#### WORK TASK:
Would you give the number of lines below in which the string "this" appears? Nothing else is needed.

#### EXTRACTED RECORDS:
-.-.-
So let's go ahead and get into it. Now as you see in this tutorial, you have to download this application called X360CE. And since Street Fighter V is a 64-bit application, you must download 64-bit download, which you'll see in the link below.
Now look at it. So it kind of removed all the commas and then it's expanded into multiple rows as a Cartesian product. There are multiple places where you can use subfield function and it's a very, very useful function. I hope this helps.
-.-.-
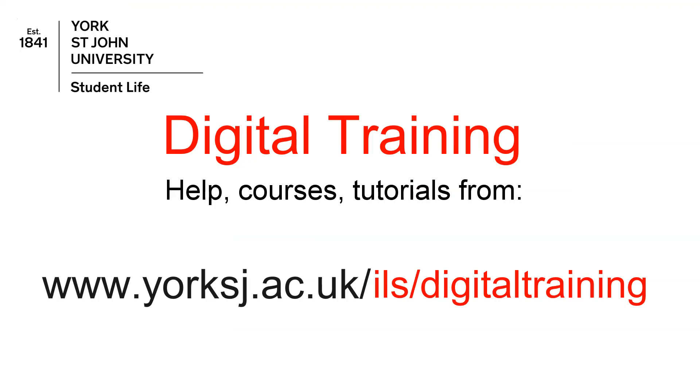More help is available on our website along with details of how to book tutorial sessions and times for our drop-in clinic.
-.-.-
#### YOUR SOLUTION:
2